Coding Weekly AI News
June 23 - June 30, 2025A major study released this week revealed significant challenges for AI agents. Researchers at Carnegie Mellon University in the United States created a test called TheAgentCompany to measure how well AI handles office tasks like coding and web searches. The results showed AI agents failed about 70% of the time, completing only 34% of tasks successfully despite six months of improvements. Graham Neubig, one of the researchers, explained they started the project after seeing claims about jobs being automated by AI. Their real-world testing proved much harder than expected.
In related news, the IT consulting firm Gartner released predictions suggesting over 40% of agentic AI projects will be cancelled by 2027. They identified widespread "agent washing" - a practice where companies rebrand existing products like chatbots as advanced AI agents without actual new capabilities. Gartner estimates only about 130 legitimate agentic AI vendors exist among thousands claiming to offer such technology. This indicates the industry faces significant hurdles in delivering functional AI agents.
Despite these challenges, simpler AI coding tools continue helping small businesses. These tools allow small companies to build software without full engineering teams by describing desired functions in plain language instead of writing complex code. For example, SleekFlow uses AI to help businesses with limited technical resources improve customer communications. This approach speeds up development and lets small players "do more with less" while competing with larger companies.
However, experts caution there are limits to how far non-technical users can go with AI coding tools alone. Ilia Badeev of Trevolution Group noted it's "quite difficult to write a fully functional solution that will scale" without engineering skills.

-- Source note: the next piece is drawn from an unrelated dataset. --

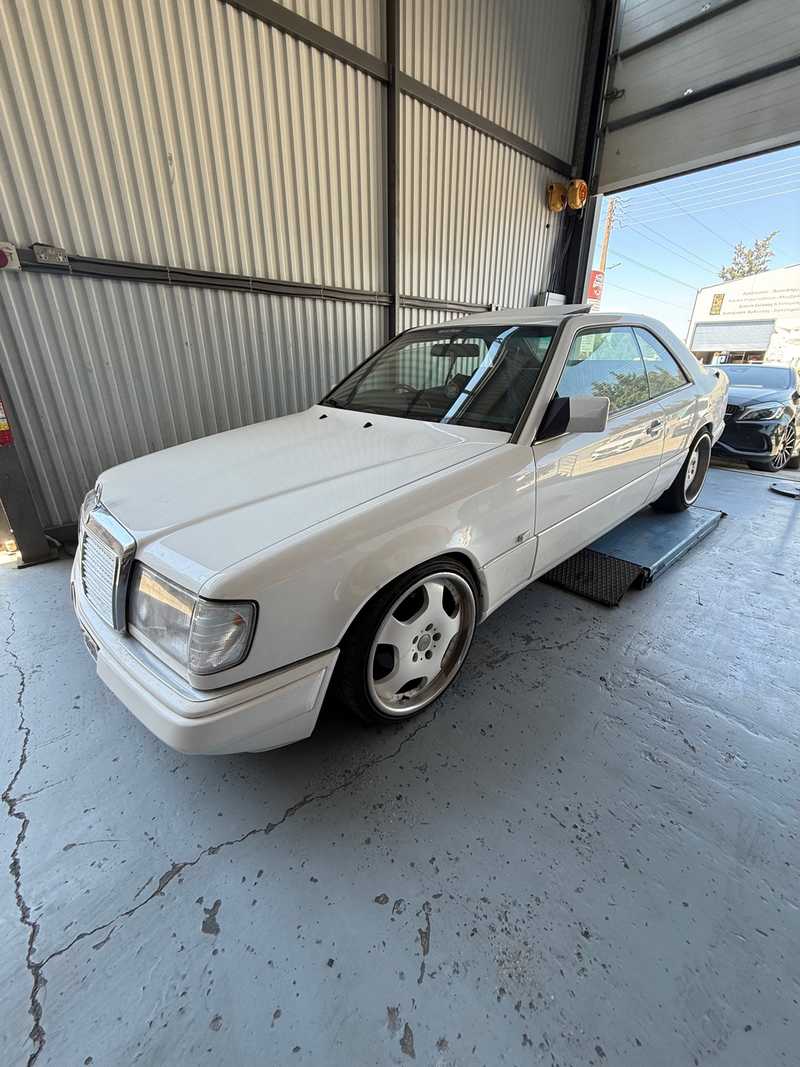 1991 Mercedes-Benz C-Class 2,3L 1991 Cyprus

This aligns with the Carnegie Mellon findings showing current AI agents struggle with complex tasks. The gap between theoretical promises and practical performance remains substantial for sophisticated agentic AI.
The market offers various AI coding assistants like Devin and Cursor, which show promise in controlled environments. Devin works as a fully autonomous coding agent in a sandbox environment, handling tasks from website creation to deploying machine learning models. Cursor provides an AI-augmented editor with "agent mode" that attempts to meet high-level goals through file generation and editing. While these tools demonstrate progress, the recent study suggests real-world effectiveness still lags behind marketing claims.
Looking ahead, researchers expressed disappointment that major AI labs haven't adopted their rigorous testing benchmark, possibly because it reveals performance gaps. The slow improvement rate - from 24% to 34% success over six months - highlights the technical challenges. As Meta's plans to release engineer-level AI assistants this year proceed, the Carnegie Mellon study provides crucial reality check about current limitations. The next year will show whether these hurdles can be overcome.